**WORK REQUIRED**
Copy, word for word, the lines below from the one containing "Spring summer girls" up to and including the one containing "The vocational courses", with pictures left out.

######

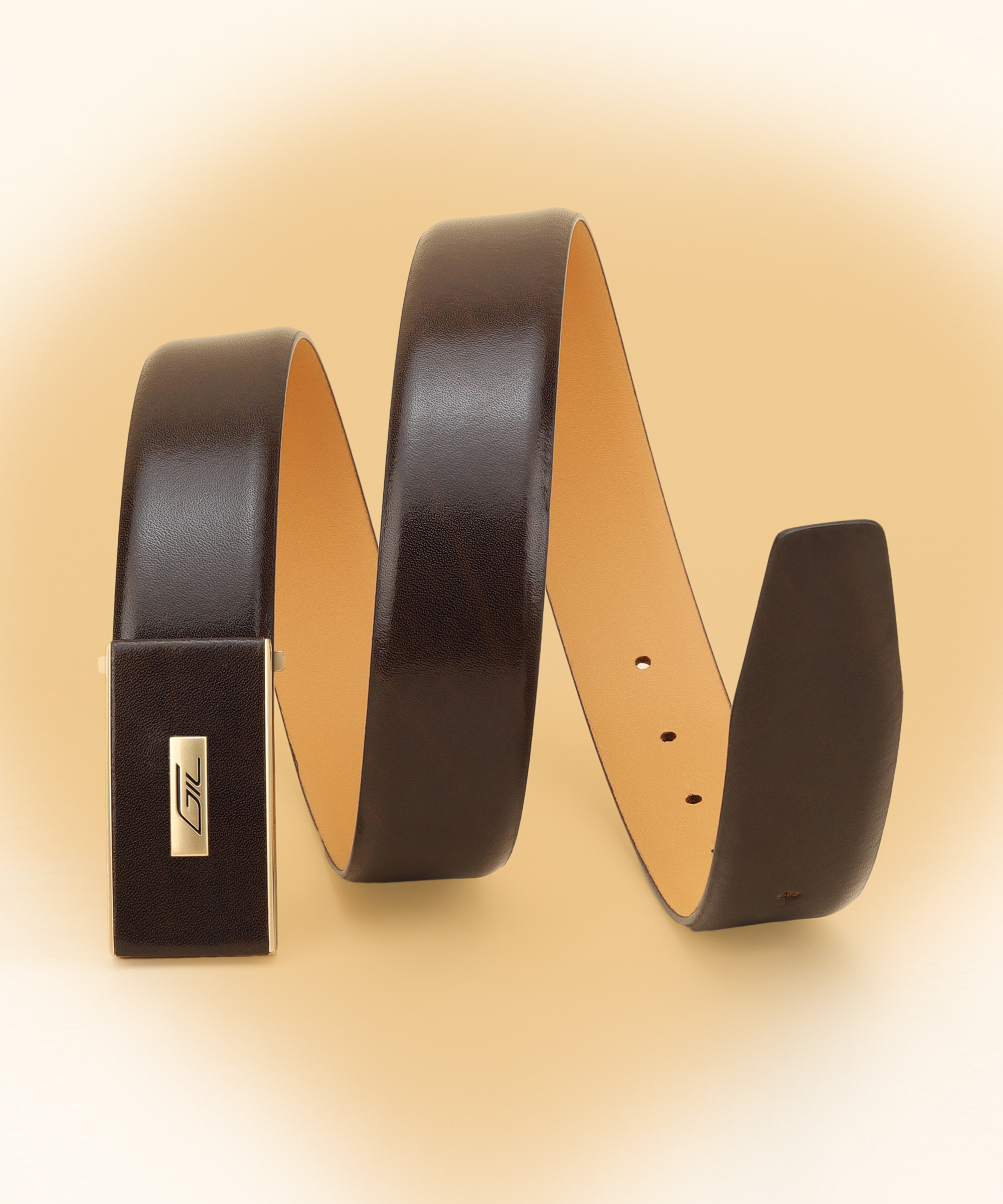 Tan Leather Belt, Wallet & Keychain Combo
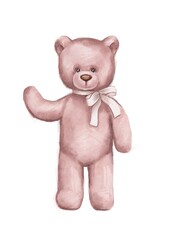 teddy bear watercolor style hand drawn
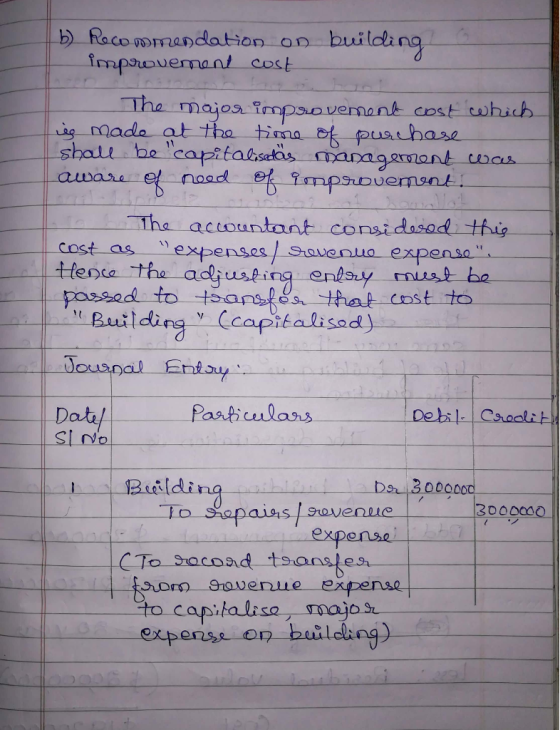 b) Recommendation on building improvement cost The major improvement cost which is made at the time of purchase shall be cap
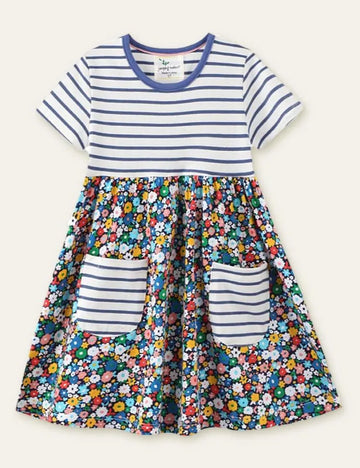 Floral Printed Striped Dress - Mini Taylor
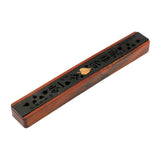 Maxbell Wooden Incense Burner Holder Home Decor Office SPA Incense Stick Box Storage Leaves Lid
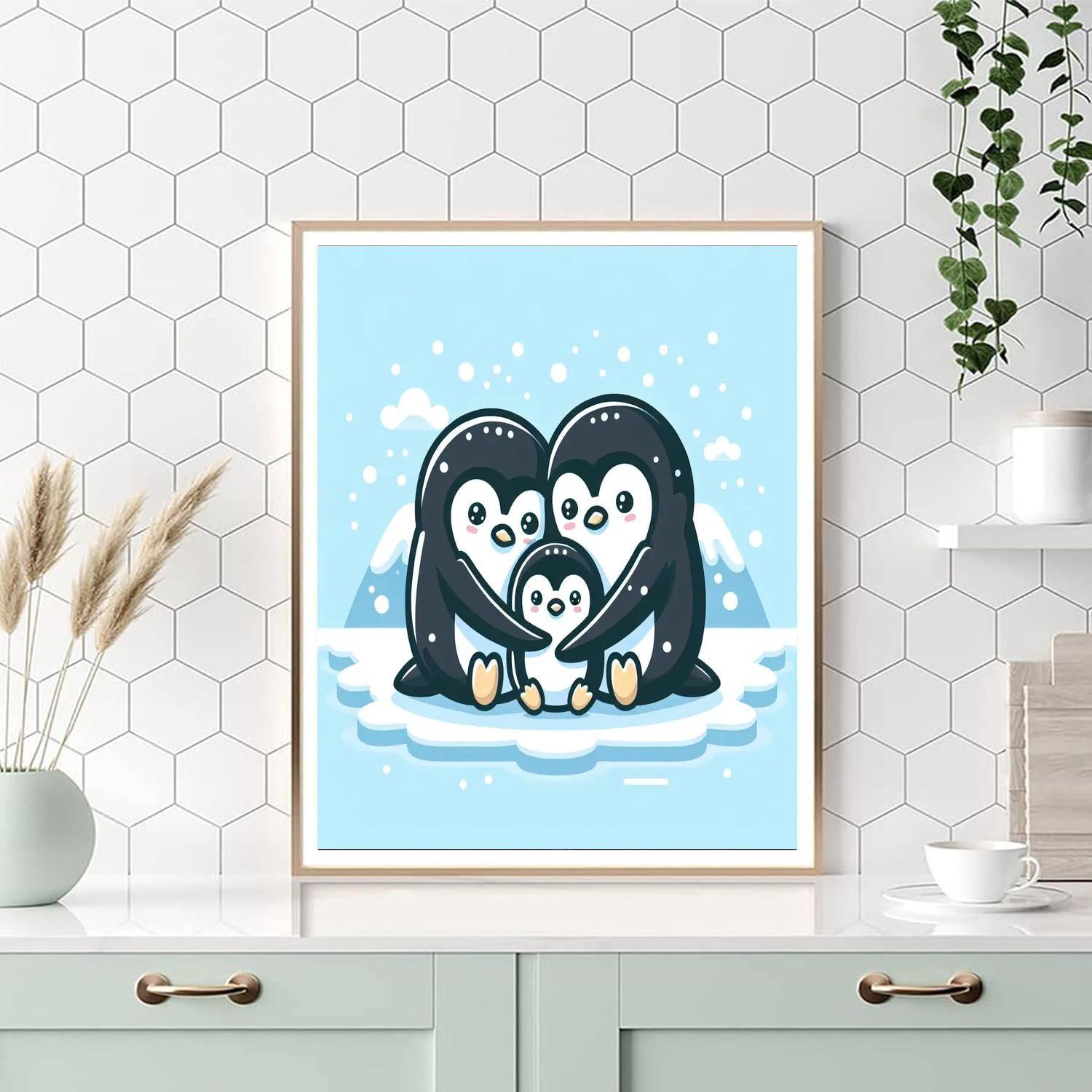 Happy Penguin Family Numbered Painting Kits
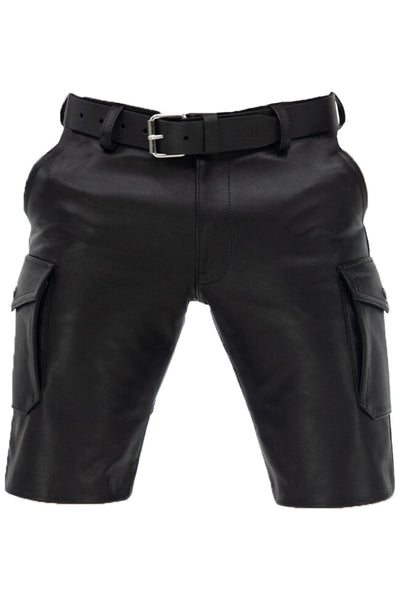 Cargo Style Leather Shorts for Men Real Cowhide Aniline Leather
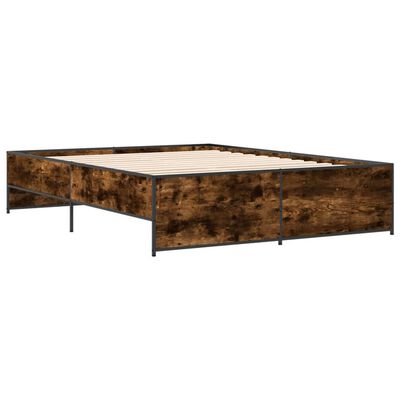 vidaXL Estructura cama madera ingeniería metal roble ahumado 150x200cm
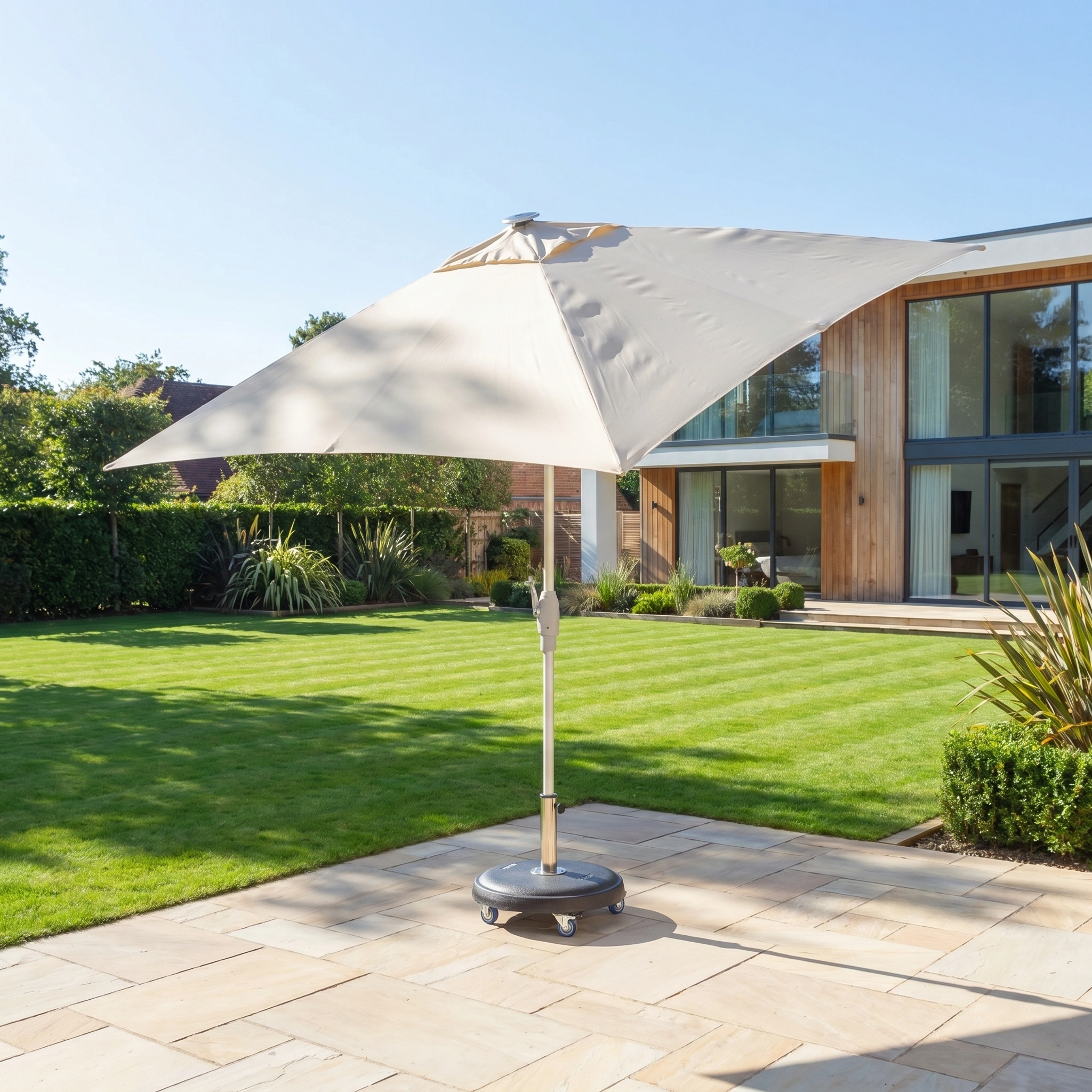 Harbour Lifestyle Zelos 2.5m Square Parasol with LED Lighting in Cream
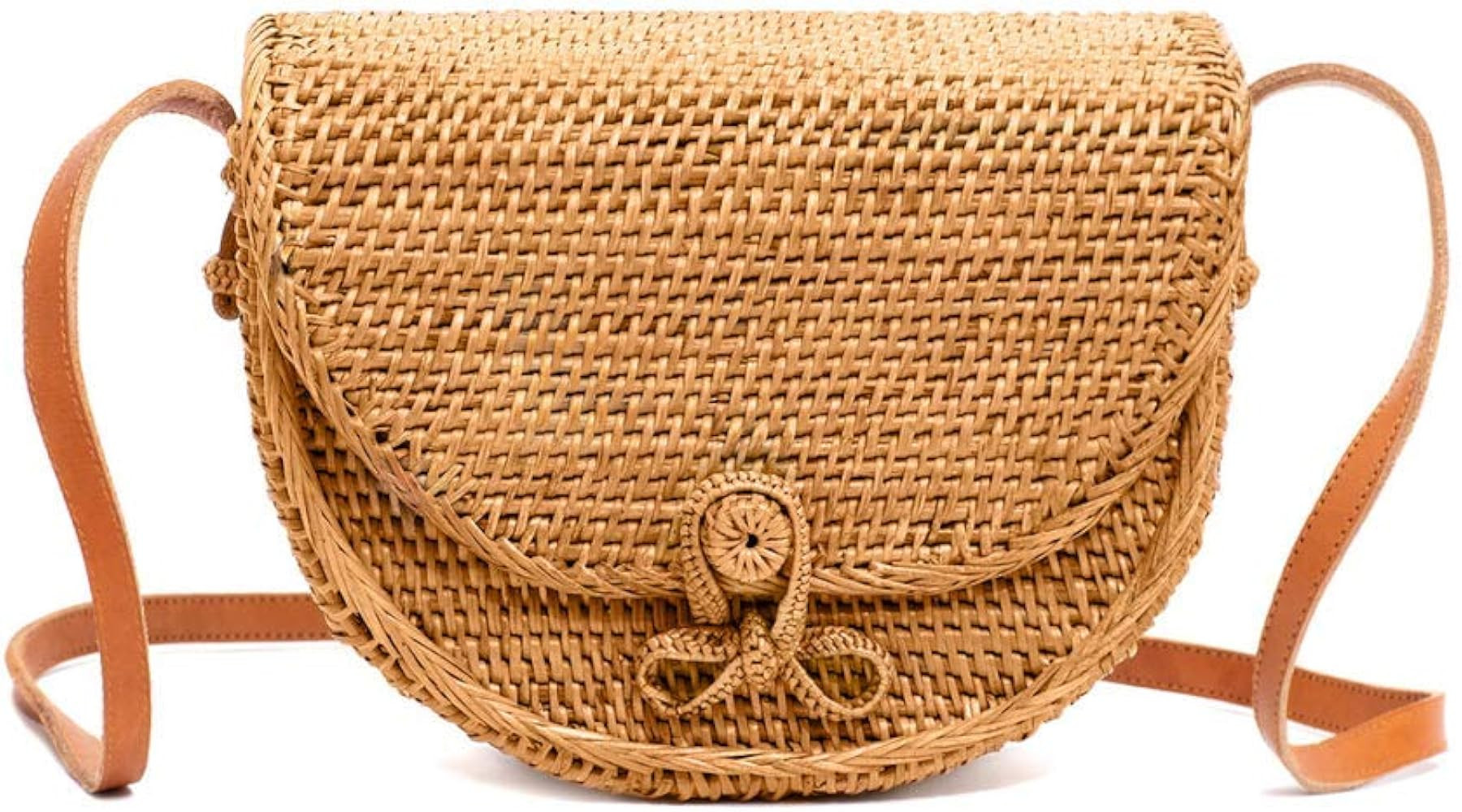 Round Rattan Bag for Women - Handmade Rattan Straw Bags - Wicker Purse - Boho Bag - Round Rattan ... | Amazon (US)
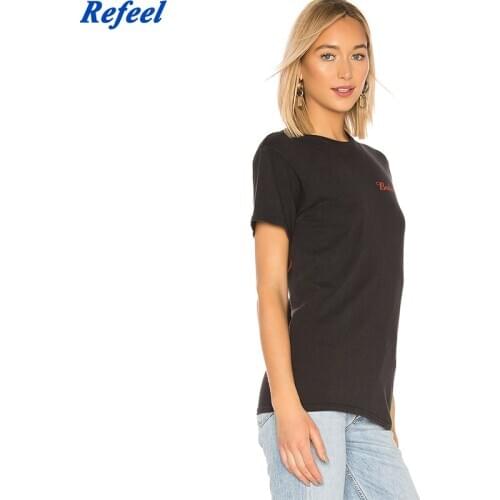 Spring summer girls loose cotton T-shirt cartoon letter printing casual O-neck simple tees tops new arrivals 2021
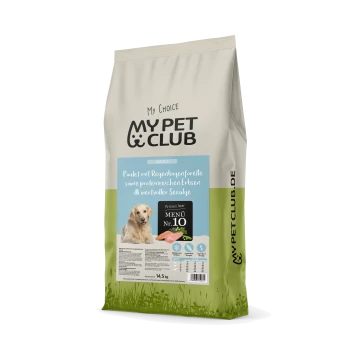 Hundefutterbeutel mit der Aufschrift 'My Pet Club', der einen Golden Retriever zeigt, mit Text, der die Zutaten beschreibt: Huhn, Regenbogenforelle, Erbsen und Algen.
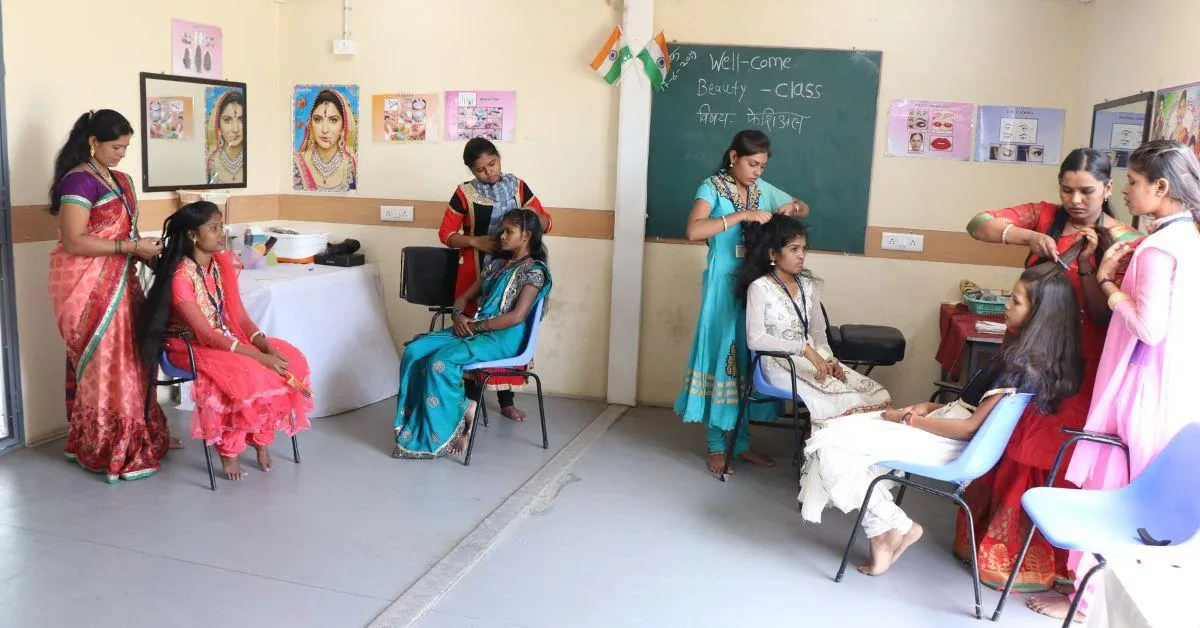 The vocational courses at the Pratham mini campus include beauty courses and any skill-based training that youth are eager to take up 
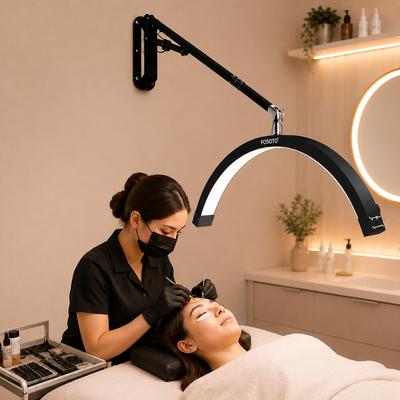 FOSOTO Stropní lampa půlměsíc Roztažitelná 90-120 cm Nástěnná lampa měsíc pro řasy Make-up Doplňkové světlo pro tetování Kadeřnictví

######

**WRITTEN ANSWER**
 Spring summer girls loose cotton T-shirt cartoon letter printing casual O-neck simple tees tops new arrivals 2021
 Hundefutterbeutel mit der Aufschrift 'My Pet Club', der einen Golden Retriever zeigt, mit Text, der die Zutaten beschreibt: Huhn, Regenbogenforelle, Erbsen und Algen.
 The vocational courses at the Pratham mini campus include beauty courses and any skill-based training that youth are eager to take up 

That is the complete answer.